The Author Online Book Forums are Moving

The Author Online Book Forums will soon redirect to Manning's liveBook and liveVideo. All book forum content will migrate to liveBook's discussion forum and all video forum content will migrate to liveVideo. Log in to liveBook or liveVideo with your Manning credentials to join the discussion!

Thank you for your engagement in the AoF over the years! We look forward to offering you a more enhanced forum experience.

CElliott (12) [Avatar] Offline
#1
Real-world Machine Learning is a great book, and I have really enjoyed reading it. The best part of the book is the attention to detail. For example, when machine learning is used as an adjective, it is hyphenated; when it is used as a noun, it is not hyphenated. Few authors today take the time to get that detail right. However, the day might not be complete without one small demur.
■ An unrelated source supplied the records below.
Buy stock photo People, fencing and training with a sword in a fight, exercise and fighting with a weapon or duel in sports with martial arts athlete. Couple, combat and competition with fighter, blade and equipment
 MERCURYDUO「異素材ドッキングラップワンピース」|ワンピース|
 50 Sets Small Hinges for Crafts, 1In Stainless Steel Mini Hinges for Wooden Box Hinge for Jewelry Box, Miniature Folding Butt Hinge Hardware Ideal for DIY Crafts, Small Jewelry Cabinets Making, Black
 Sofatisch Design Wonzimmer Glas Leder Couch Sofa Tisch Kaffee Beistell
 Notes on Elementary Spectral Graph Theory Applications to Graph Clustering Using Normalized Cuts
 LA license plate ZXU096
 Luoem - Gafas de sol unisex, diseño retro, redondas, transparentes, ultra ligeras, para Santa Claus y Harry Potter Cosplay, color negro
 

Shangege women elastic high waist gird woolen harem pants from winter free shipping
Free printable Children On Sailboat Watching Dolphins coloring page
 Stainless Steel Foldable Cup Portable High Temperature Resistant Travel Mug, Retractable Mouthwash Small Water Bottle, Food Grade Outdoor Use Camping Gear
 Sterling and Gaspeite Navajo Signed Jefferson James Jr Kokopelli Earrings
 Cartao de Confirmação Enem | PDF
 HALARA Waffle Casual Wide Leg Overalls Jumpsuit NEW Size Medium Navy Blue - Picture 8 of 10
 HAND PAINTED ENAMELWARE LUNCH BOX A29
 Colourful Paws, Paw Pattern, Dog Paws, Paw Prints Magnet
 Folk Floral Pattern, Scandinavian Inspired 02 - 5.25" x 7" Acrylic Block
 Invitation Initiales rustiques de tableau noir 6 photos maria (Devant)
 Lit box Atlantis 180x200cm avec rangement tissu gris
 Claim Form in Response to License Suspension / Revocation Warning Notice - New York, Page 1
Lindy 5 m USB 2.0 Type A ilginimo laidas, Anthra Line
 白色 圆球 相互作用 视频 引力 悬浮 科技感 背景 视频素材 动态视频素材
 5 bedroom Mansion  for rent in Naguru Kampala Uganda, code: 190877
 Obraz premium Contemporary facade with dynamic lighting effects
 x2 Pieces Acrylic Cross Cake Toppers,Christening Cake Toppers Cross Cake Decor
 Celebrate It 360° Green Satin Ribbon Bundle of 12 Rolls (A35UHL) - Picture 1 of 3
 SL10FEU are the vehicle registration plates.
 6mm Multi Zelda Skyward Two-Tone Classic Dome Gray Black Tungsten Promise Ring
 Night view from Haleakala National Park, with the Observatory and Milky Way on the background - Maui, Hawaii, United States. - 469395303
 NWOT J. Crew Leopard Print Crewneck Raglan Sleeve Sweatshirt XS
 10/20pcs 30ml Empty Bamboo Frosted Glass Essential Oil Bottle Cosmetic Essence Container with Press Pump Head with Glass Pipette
When a binary categorical variable, such as gender, is turned into two columns, such as male and female, both Excel Regression and Mathematica LinerModelFit blow up because the two columns are not linearly independent. This is also true of the AutoMPG dataset if region is made three columns instead of two. Every book I have ever read about regression analysis says this is true: a binary categorical variable should be one column of zeros or ones, if for no other reason than then the partial derivative of the regression, which is the column's coefficient, then makes sense. If there are three columns for region, then what does partial of the regression WRT to, say, Europe, mean, the change in MPG WRT a car that is made nowhere?

I don't understand how the software used for the book completes an analyses where gender is two columns in the Titanic dataset or region is three columns in the AutoMPG dataset. What meaning then do you assign to the coefficient of male or female or to the coefficient of Asia, Europe, or America?

Thanks again for the wonderful book.